Formerly conjoined twins and their sister enjoy being “normal” teenagers 17 years after surgery.

“They’re just like their peers,” says Darla Keller, the mother of her triplets, two of whom are former twins.

Like most high school seniors, triplets Mackenzie, Macey and Madeline Garrison enjoy hanging out with their friends when they’re not working outside of school hours.

They enjoy horseback riding, climbing trees and spending time with their many pets in their Iowa home.

In almost every sense of the word, they’re typical teenagers – except that Mackenzie and Macey have been spouses in the past.

Whichever way they look at it, the girls are certainly extraordinary. Macey and Mackenzie were born joined at the pelvis and were separated ten months later by Dr. James Stein, Chief Medical Officer at Children’s Hospital Los Angeles, during a 24-hour surgical procedure in 2003.


Shortly afterwards, they were adopted by Darla Keller, now 50, who brought them back to Iowa with her three biological sons. Although the operation was successful, both girls have only one leg and must rely on prostheses to get around.

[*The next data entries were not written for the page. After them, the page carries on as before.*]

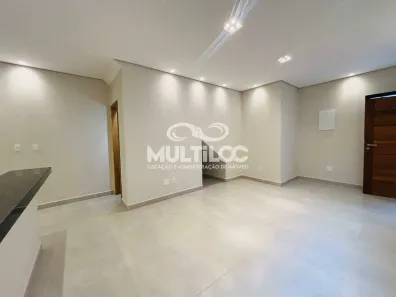 Casa com 2 Quartos para alugar, 75m² no Marapé, Santos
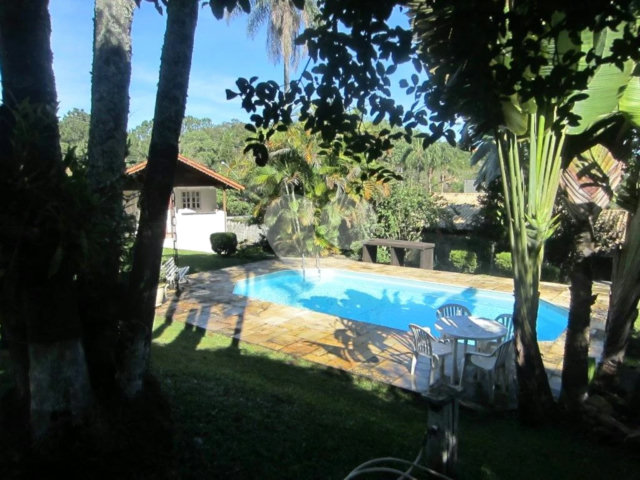 Casa à venda com 3 suítes no condomínio Associação Reserva das Hortênsias, Mairiporã - SP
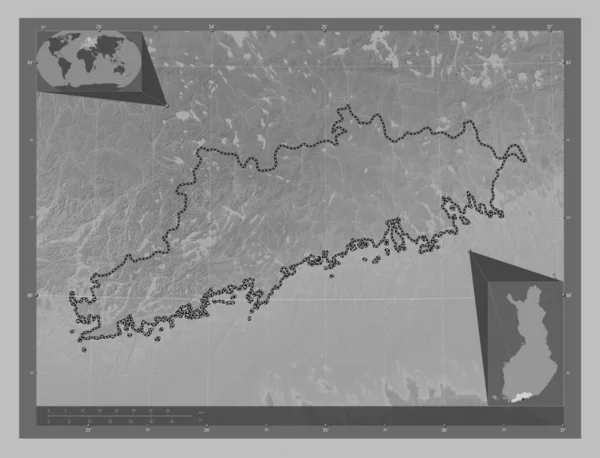 Uusimaa 芬兰地区 带有湖泊和河流的灰度高程图 角辅助位置图 — 图库照片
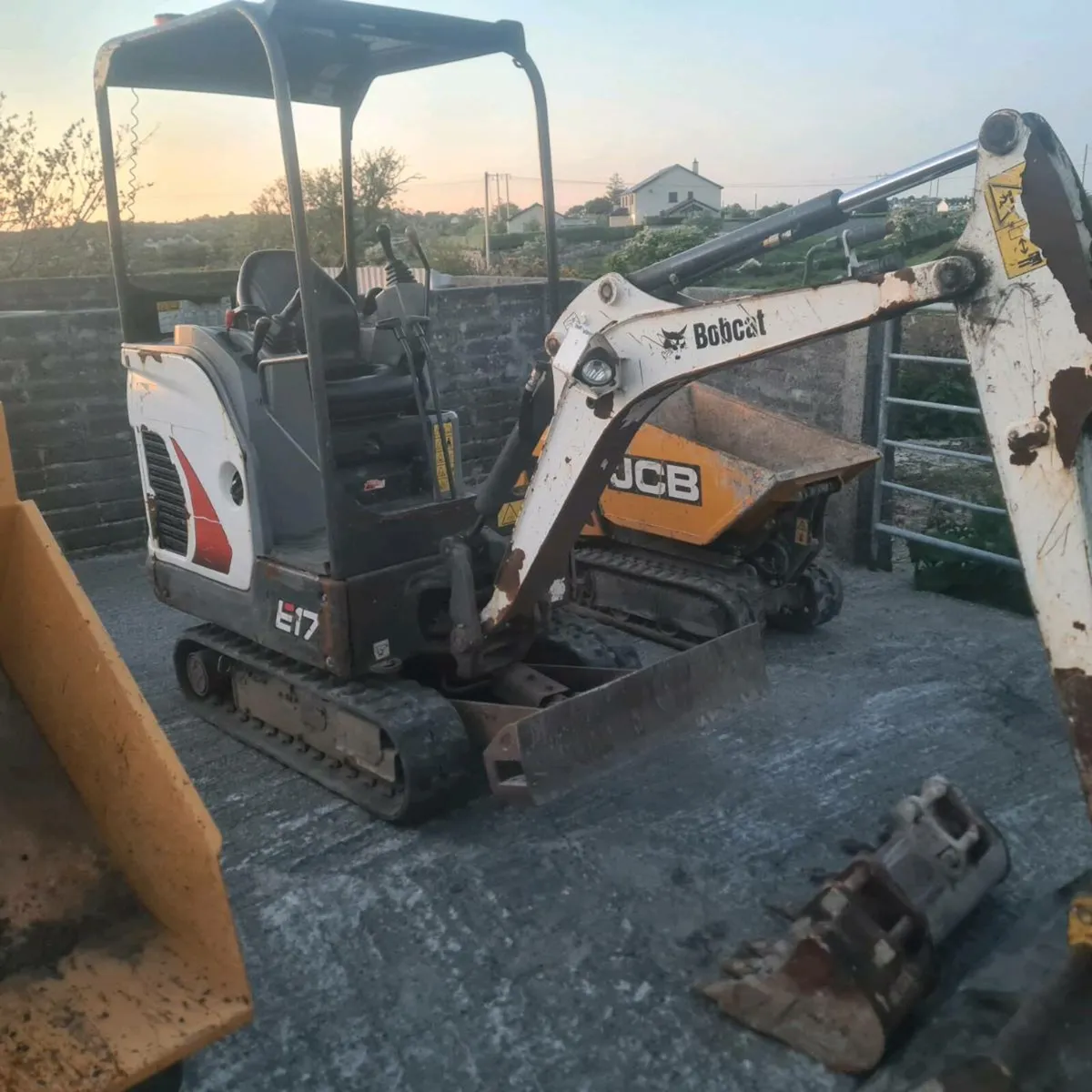 Mini digger and dumper - Image 1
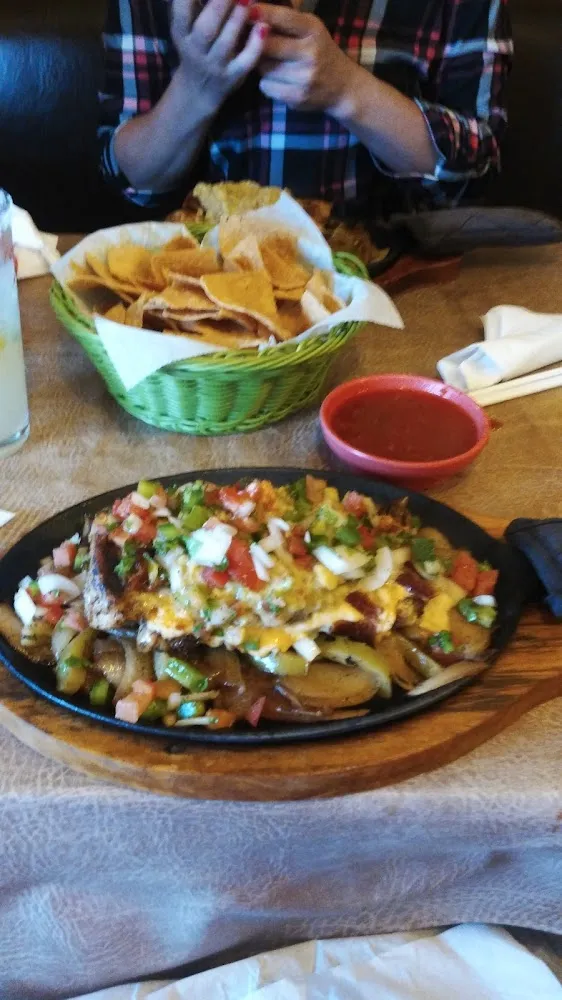 Nachos Gigantes Steak or Shrimp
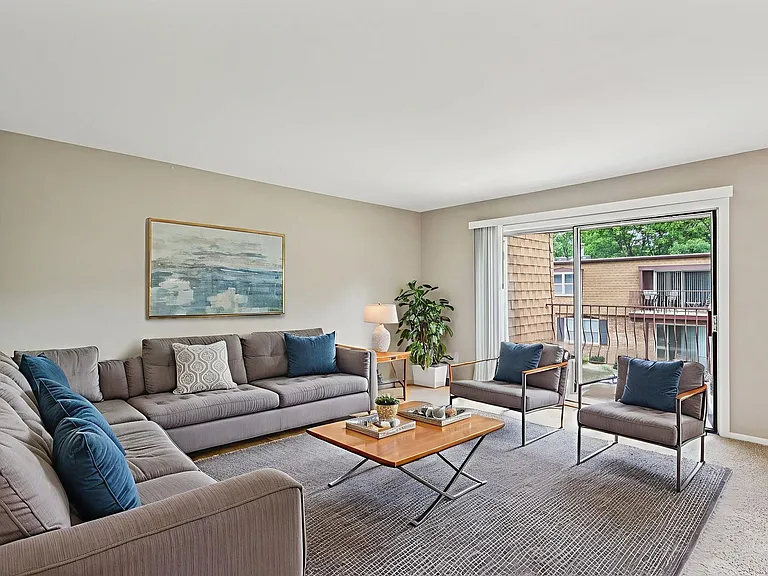Woodland Reserve Apartments — Photo 2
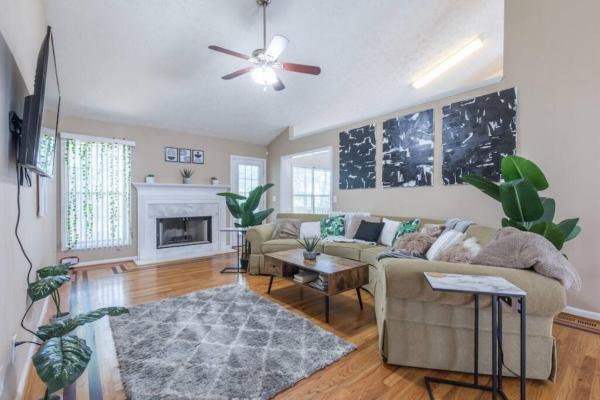 A la foto es mostra l'objecte Opuluxe The Jungle House Sleeps 10 situat a la ciutat de Duluth.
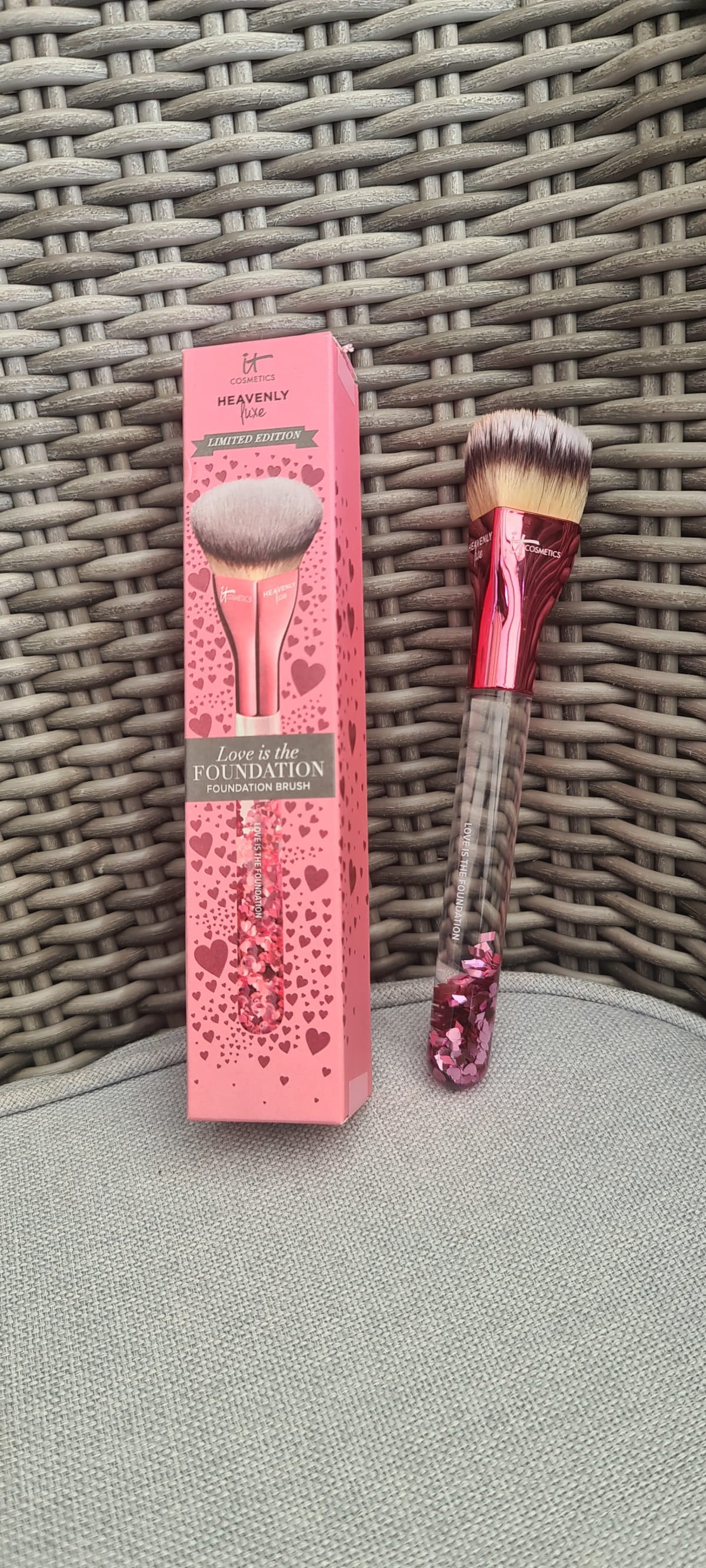 It Cosmetics Heavenly Luxe It Cosmetics - Heavenly Luxe Love Is The Foundation Brush - review image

“Hardly a week goes by when I don’t think of them in some way,” says Mrs Stein. “I remember seeing them walk through the halls on their crutches, and seeing them ride horses and lead as normal a life as possible is really, really exciting.”


Although the triplets, now aged 17, have experienced other medical ordeals over the years (including spinal infusions for Macey and Mackenzie), they say their lives are as normal as can be, and look forward to graduating from high school and entering university.


Mackenzie isn’t sure what her future plans are, but she loves farming and plant anatomy, while Macey is considering becoming a kindergarten teacher.

Madeline, meanwhile, wants to become a nurse and, eventually, a nurse practitioner, with the aim of helping geriatric patients with Alzheimer’s and Parkinson’s disease.

“I think there are factors linked to the way I grew up and the people I’ve surrounded myself with who are very medically inclined,” she explains, noting that her mother is a physiotherapist.


Although the girls haven’t seen Dr. Stein in a decade, they keep in touch with the man who helped save their lives. Mackenzie and Madeline – who calls him “the coolest person ever” – recently e-mailed him to ask about his work and family.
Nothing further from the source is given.